## INPUT DATA
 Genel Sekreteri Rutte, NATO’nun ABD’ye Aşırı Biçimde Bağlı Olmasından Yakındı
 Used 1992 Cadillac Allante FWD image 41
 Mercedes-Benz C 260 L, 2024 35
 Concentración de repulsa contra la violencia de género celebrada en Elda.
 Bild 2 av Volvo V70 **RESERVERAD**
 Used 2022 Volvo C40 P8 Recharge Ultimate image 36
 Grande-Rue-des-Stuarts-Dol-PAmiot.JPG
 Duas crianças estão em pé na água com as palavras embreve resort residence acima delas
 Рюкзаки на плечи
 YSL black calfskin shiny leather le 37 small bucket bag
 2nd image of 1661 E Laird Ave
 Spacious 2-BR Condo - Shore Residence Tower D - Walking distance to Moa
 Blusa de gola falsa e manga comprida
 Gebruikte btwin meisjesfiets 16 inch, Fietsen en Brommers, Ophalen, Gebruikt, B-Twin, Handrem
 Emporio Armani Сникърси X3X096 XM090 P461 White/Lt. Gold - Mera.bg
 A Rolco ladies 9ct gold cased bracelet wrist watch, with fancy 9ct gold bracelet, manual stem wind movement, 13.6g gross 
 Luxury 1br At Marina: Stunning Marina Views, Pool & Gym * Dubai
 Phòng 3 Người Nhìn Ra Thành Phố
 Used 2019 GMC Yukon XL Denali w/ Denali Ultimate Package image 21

## WORK TO COMPLETE
Look above for the line containing "Blusa de gola falsa e manga comprida". Return it and each line after it exactly, through the last line, and nothing more.

## RESPONSE BOX
 Blusa de gola falsa e manga comprida
 Gebruikte btwin meisjesfiets 16 inch, Fietsen en Brommers, Ophalen, Gebruikt, B-Twin, Handrem
 Emporio Armani Сникърси X3X096 XM090 P461 White/Lt. Gold - Mera.bg
 A Rolco ladies 9ct gold cased bracelet wrist watch, with fancy 9ct gold bracelet, manual stem wind movement, 13.6g gross 
 Luxury 1br At Marina: Stunning Marina Views, Pool & Gym * Dubai
 Phòng 3 Người Nhìn Ra Thành Phố
 Used 2019 GMC Yukon XL Denali w/ Denali Ultimate Package image 21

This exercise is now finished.